Cornell

Cornell drops 20 threes and 102 points on this sorry squad. Epic humiliation for the program.

The bus ride home will be fun.

Mitch looks Donahue-esque on the sideline every time they play Cornell or Yale. No answers. Just hope for a bad game from the opposition.

Please explain how you can have 3 returning starters (1 the IVY Frosh of year and then IVY player of year) not to mention Lee who could have left for NBA and this is what happens. This started from game 1 with the questionable starters and continued throughout season. Know your players and how to utilize them. Get a dang game plan//offense and defense. Cornell can take Yale

2 Likes

Better yet, how do you take down Rutgers, St. Joes, and Akron and then fade so badly in league play.

1 Like

League play is always a different animal. Not surprising anyone.

What Earl did with Cornell’s talent (and Jaques continued) is what great coaching looks like.

What Jones does every year, using non-conf to prep for conference play, is what great coaching looks like.

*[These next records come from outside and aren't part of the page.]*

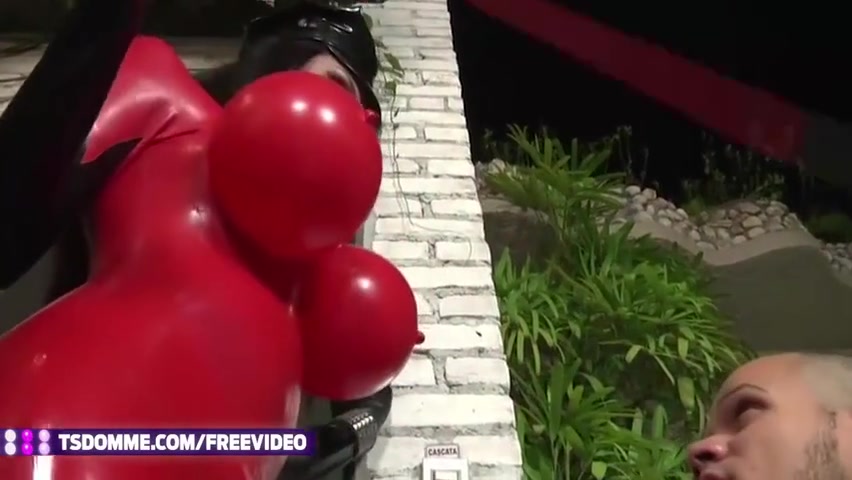 Brunette Tranny In Red Latex Outfit Fucks A Dude By The Pool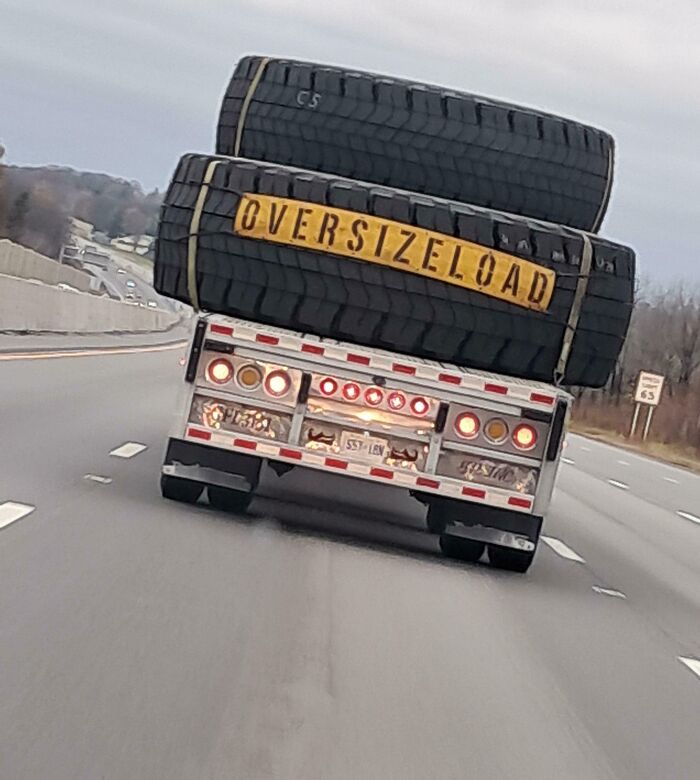 Truck carrying oversized tires on the highway marked "Oversize Load", fascinating transport scene.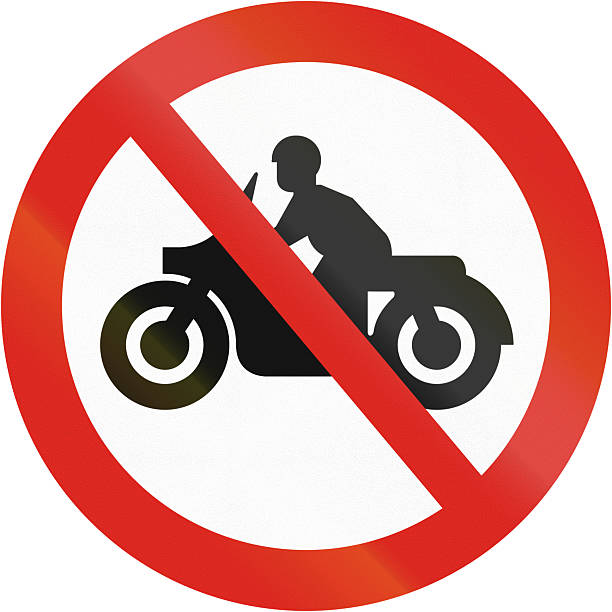 istock Regulatory road sign in Uganda - No entry for motorcycles 2222401409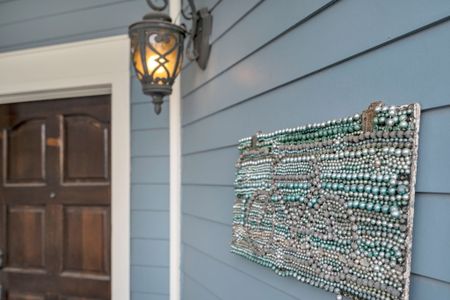 Welcoming porch with lantern lighting and local flair.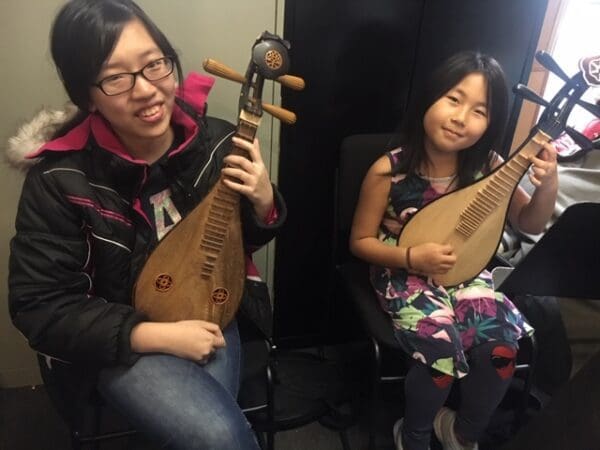 Two young girls holding instruments in a room.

Constantly underperforming in conference play with superior talent is what Henderson does. I just don’t think he’s a great coach - a 4-game hot streak in 2023 doesn’t change that.

(BTW, Earl got his William & Mary squad into the top 4, securing a double-bye in the CAA tourney. Amazing job that no one expected).

As Derek Jones just tweeted:

The last time Princeton allowed 100 points or more in a game was December 18, 2018 against Duke, when the Tigers gave up 101. That was the Duke squad with Zion Williamson, RJ Barrett, and Cam Reddish.

Oof. This game really was an all-time program low-light.

1 Like

I held off on reading this thread to get a bit of a cooler perspective.

My broken record of “more defensive pressure is needed all game long, gamble a bit more on forcing turnovers and guarding the perimeter” is still playing. If nothing else, playing that style of D might get them out of their heads a little bit and would make them the hunters instead of the hunted. The Tigers cannot play “sound” man defense and stop anybody at the rim, whether on drives or in the post, and when they double against the likes of Cornell it’s pass to an open three point shooter. Even if you gave Cornell a lackluster 33% shooting percentage from beyond the arc, that would have only taken away 27 points from them and they were leading by over thirty for much of the game. They had 33 mostly wide open three-point attempts, way too many. Make them hurry, deflect passes, break up their flow.

The offensive breakdown seemed as much mental as anything schematic. But maybe, just maybe, letting Lee move without the ball more and have a high post passer/outlet would free him up a bit and get him the ball with an initial edge on his defender. Right now the whole defense is able to focus on him as he dribbles in the middle of the court. Cornell’s offense has more “Princeton” in it philosophically (if not in specific actions) than Princeton’s does–they move without the ball, they zip passes around quickly, the shot and assist distribution is pretty egalitarian.

Byriel is no Martini, but he can play better defense than that. That was really poor. And of course he needs to hit treys to help on the other end. Pierce had his moments, but also some dispiriting turnovers and missed FTs and close-in shots.

Frankly, I think that getting the youth into the game and letting them play some frantic scramble ball as a planned tactic for intervals throughout the game might make sense. The failed comeback against Yale was some of the best basketball the team has played in the entire conference season. Dean Smith used to have a Big Blue team where he’d make a line change. Time for some unconventional rotations and tactics.